Aurore Avarguès-Weber, de l’université de Toulouse, et des collègues de Melbourne, en Australie, sous la direction d’Adrian Dyer, ont continué à explorer les capacités en mathématiques des abeilles. Ils viennent de montrer qu’elles sont capables d’additionner
et de soustraire.

L’abeille sait additionner et soustraire : cognition numérique malgré un cerveau minuscule

L’abeille est reconnue pour ses capacités cognitives remarquables. Elle vit en société, communique par la danse et maîtrise divers concepts abstraits comme plus grand/plus petit ou gauche/droite. On savait déjà qu’elle pouvait compter de petites quantités. Des travaux récents montrent qu’elle est également capable d’effectuer des opérations arithmétiques simples, telles que l’addition et la soustraction.

Réaliser de telles opérations implique la combinaison de la mémoire à long terme, nécessaire pour mémoriser des règles, et de la mémoire de travail, indispensable pour manipuler temporairement l’information. Bien que ces capacités aient été observées chez certains primates, oiseaux ou araignées, l’abeille ne possède qu’environ un million de neurones. Malgré cette architecture cérébrale très réduite, elle semble capable de traiter des informations numériques complexes.

Une première série d’expériences a montré que l’abeille peut interpréter le zéro comme une valeur numérique inférieure aux autres nombres. Après apprentissage avec un système de récompense, les insectes ont correctement classé des panneaux comportant différentes quantités de points, y compris des configurations avec zéro élément, qu’elles ont traitées comme une quantité plus petite que un.

Dans une seconde expérience, les abeilles ont été confrontées à un labyrinthe en Y. À l’entrée, un panneau présentait un certain nombre d’éléments de couleur bleue ou jaune. Le bleu indiquait qu’il fallait ajouter un élément, le jaune qu’il fallait en retrancher un. Les deux couloirs proposaient chacun un nombre différent d’éléments, et seule la bonne réponse donnait accès à une récompense sucrée. Après environ une centaine d’essais, les abeilles ont atteint un taux de réussite proche de 80 %, nettement supérieur au hasard, malgré la variation constante des configurations.

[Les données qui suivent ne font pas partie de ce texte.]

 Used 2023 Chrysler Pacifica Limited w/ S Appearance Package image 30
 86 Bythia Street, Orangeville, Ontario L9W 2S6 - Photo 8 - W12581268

Ces résultats suggèrent que les compétences arithmétiques élémentaires sont plus répandues dans le monde animal qu’on ne le pensait. Ils montrent également que la taille du cerveau n’est pas un facteur limitant pour l’émergence de fonctions cognitives élaborées. L’abeille constitue ainsi un modèle pertinent pour l’étude des mécanismes neuronaux efficaces et pour l’inspiration de systèmes d’intelligence artificielle compacts.

En conclusion, l’abeille démontre que des réseaux neuronaux restreints peuvent néanmoins soutenir des performances cognitives sophistiquées, élargissant notre compréhension des capacités intellectuelles du monde animal.